Most founders in their 20s and 30s have heard the usual advice about security: patch regularly, use strong passwords, train your team. But what happens when your enterprise is increasingly run by autonomous AI agents? Traditional defenses fall flat. Maxim Bar Kogan, CEO of Onyx Security, laid out a stark reality on the No Priors podcast: the escalating risks demand a completely new approach. He argues that trying to apply human-centric oversight or resource-heavy AI analysis to every single agent action is a losing game. It's too slow, too expensive, and utterly impractical at scale.
The real insight? Think like a blitz chess player. Top players make most moves intuitively, quickly. But when a critical moment arises, they stop, calculate deeply, and weigh every option. Onyx Security applies this exact strategy to AI agent oversight, creating a system that balances continuous vigilance with targeted, high-intelligence intervention, solving the fundamental tension between cost, latency, and security efficacy.
Key Takeaways
- Traditional enterprise security measures fail against autonomous AI agents because they can't keep pace with AI's speed and scale of operation.
- Onyx Security developed a novel two-tier approach, using very small, specialized AI models for constant, low-cost monitoring.
- These 'intuition-driven' small models identify potential risks and only then escalate to more powerful, expensive AI agents for in-depth analysis and intervention.
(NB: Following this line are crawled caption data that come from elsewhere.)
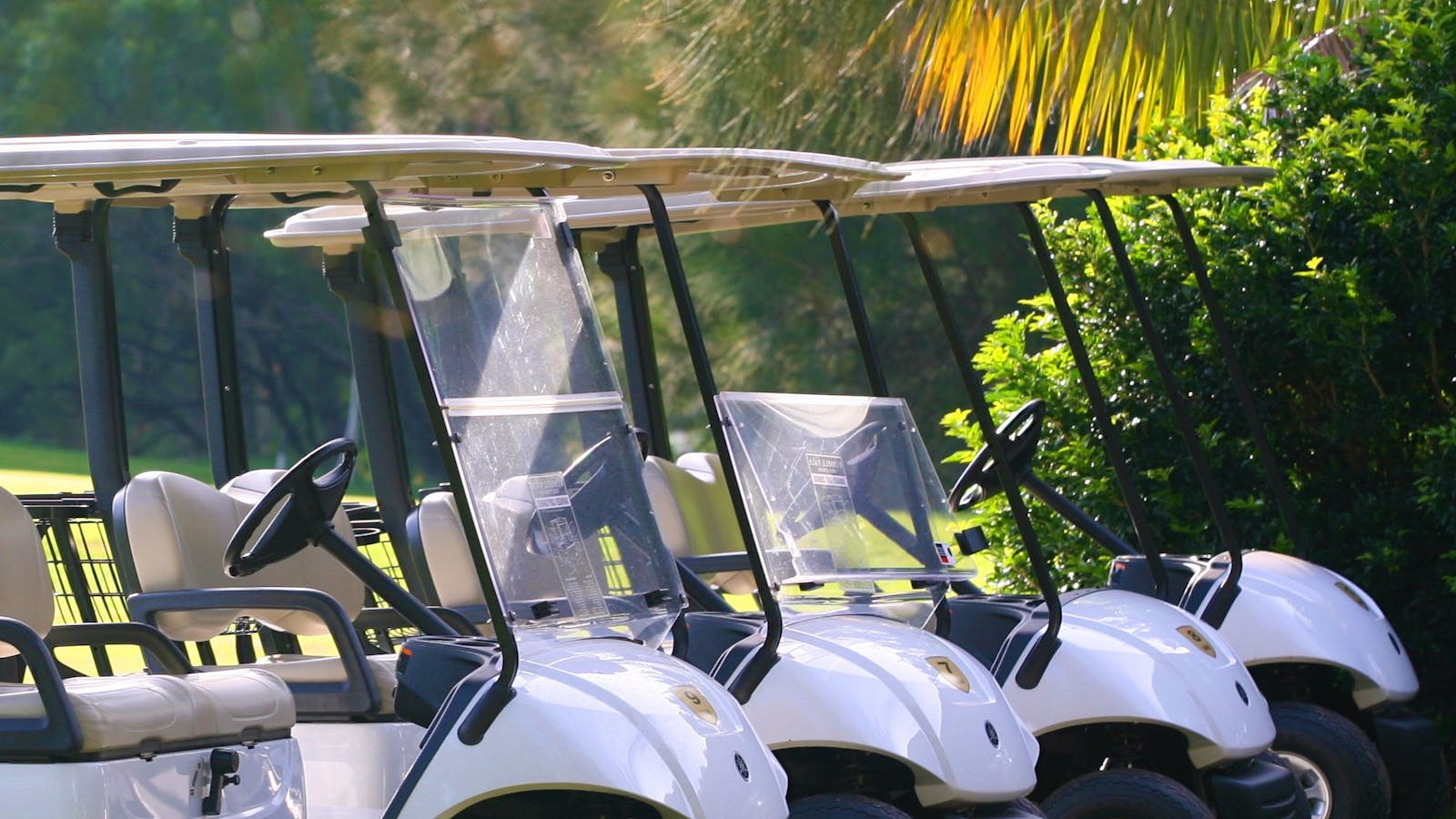 The Vale Golf Course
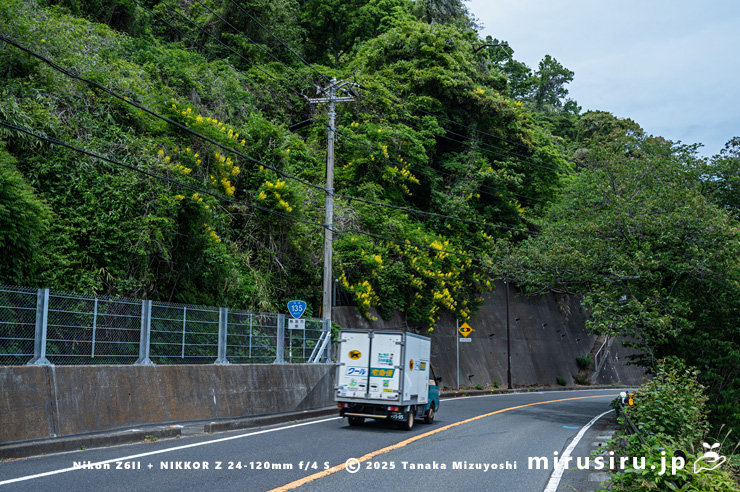 道端に生えた開花中のジャケツイバラ　熱海市泉・国道135号線・「門川」（もんかわ）交差点南　2025/05/01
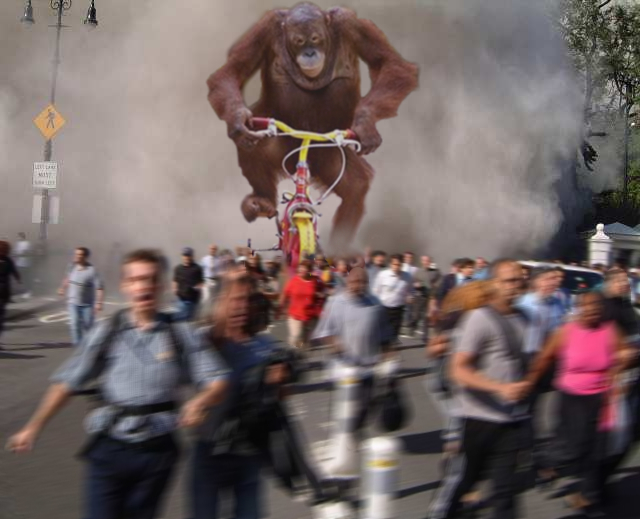 Orangutan On Bike Blank Meme Template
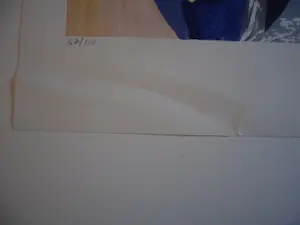 Sandra Jayat - Litho, Titel, Inpromptu Nocturne kaufen? Bieten Sie von 20!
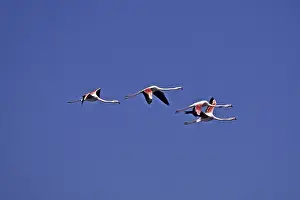 Flamingo, Phoenicopterus ruber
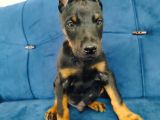 A Kalite Doberman Yavruları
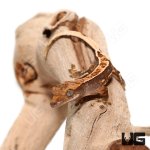 ug_baby_partial_pinstripe_crested_gecko_4.jpg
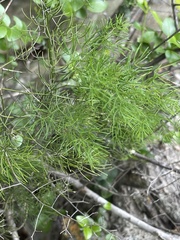 Asparagus sylvicola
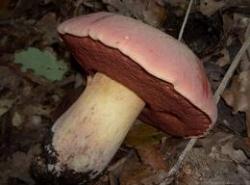 boletusfunghi1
- This method allows companies to maintain high performance and low latency while ensuring critical risks receive comprehensive review, mirroring a blitz chess player's strategy.
- The specific mechanics for this balancing act are detailed in Onyx's Two-Tier AI Agent Oversight Method.
The Onyx's Two-Tier AI Agent Oversight Method
Maxim Bar Kogan described a specific framework for managing AI agent security. It’s designed to overcome the limitations of constant human supervision or heavy AI analysis of every single agent action.
- Small, Specialized Models for Continuous Monitoring: Models that are just good at one thing. They're very small. They almost can't do anything else other than be able to say, 'Should I have a smarter agent? Look at this.'
- Smarter Agents for Targeted Intervention: These more capable agents are invoked by the small models 'when needed' to 'look at what's happening' in high-risk situations, allowing for deep calculation when a critical move is identified.
When This Works (and When It Doesn't)
This method works when you can “bake in that intuition into those small models,” as Bar Kogan puts it. This means the small models must be sharp enough to catch most real threats without crying wolf too often. If they miss critical issues, your system is vulnerable. If they over-escalate, you'll burn through resources with your more capable, expensive agents, defeating the purpose of the two-tier structure. The core idea is to allocate intelligence precisely where the risk is highest, saving overwhelming analysis for critical moments. The system falls apart if the initial, lightweight screening isn't effective at filtering out the noise and accurately identifying high-stakes situations. It's not for problems where every single action needs deep, constant scrutiny from a large AI, or where the 'intuition' cannot be reliably codified into a small model.
What to Do With This
Take a hard look at any AI agent or autonomous process running in your startup this week, especially those handling sensitive data or customer interactions. Instead of trying to log and analyze every single step with your most powerful (and priciest) AI tools, map out how you could apply Onyx's two-tier method. For example, if you have an AI agent helping users with financial transactions:
1. Deploy Small, Specialized Models: Train tiny, fast models to specifically look for keywords related to fraud attempts, data breaches (e.g., attempts to extract sensitive info), or policy violations (e.g., discussions about illegal activities). These models only need to flag true/false for a potential anomaly.
2. Trigger Smarter Agents: When a small model flags something, automatically trigger a more sophisticated, context-aware AI. This 'smarter agent' can then do a deep dive: analyze the full conversation history, cross-reference user behavior patterns, check against known fraud signatures, and even suggest an immediate human intervention or block the transaction. This way, you keep costs down and latency low for 99% of interactions, while still having robust, intelligent oversight for the 1% that truly matter.